### Problem statement:
Count every line in the entries that follow where the word "style" appears, then state only the total.

### Data for the task:
== Segment start ==

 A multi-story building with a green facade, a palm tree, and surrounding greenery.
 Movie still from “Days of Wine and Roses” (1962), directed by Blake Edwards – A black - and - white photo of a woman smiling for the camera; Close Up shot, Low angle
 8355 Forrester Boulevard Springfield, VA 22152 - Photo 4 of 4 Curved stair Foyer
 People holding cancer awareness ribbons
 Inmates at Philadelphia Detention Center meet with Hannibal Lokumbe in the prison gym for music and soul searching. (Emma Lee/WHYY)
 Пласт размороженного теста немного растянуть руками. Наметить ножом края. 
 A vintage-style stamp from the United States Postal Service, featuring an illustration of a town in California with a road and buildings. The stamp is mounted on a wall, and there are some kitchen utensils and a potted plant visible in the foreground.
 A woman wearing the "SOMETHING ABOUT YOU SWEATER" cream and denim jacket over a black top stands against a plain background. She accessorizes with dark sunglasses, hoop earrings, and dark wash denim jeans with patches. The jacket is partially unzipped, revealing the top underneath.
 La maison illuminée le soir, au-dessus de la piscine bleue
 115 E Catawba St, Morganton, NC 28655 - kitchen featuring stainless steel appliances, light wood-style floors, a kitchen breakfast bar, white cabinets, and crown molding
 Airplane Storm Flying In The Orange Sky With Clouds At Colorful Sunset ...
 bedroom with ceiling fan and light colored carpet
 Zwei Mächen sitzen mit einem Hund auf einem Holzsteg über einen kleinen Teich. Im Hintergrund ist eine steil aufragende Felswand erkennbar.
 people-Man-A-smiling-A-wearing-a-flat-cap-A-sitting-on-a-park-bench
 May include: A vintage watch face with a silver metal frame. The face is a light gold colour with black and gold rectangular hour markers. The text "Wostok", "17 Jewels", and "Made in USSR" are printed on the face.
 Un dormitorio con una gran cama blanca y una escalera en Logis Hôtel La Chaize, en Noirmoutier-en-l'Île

== Segment end ==

### Task result:
2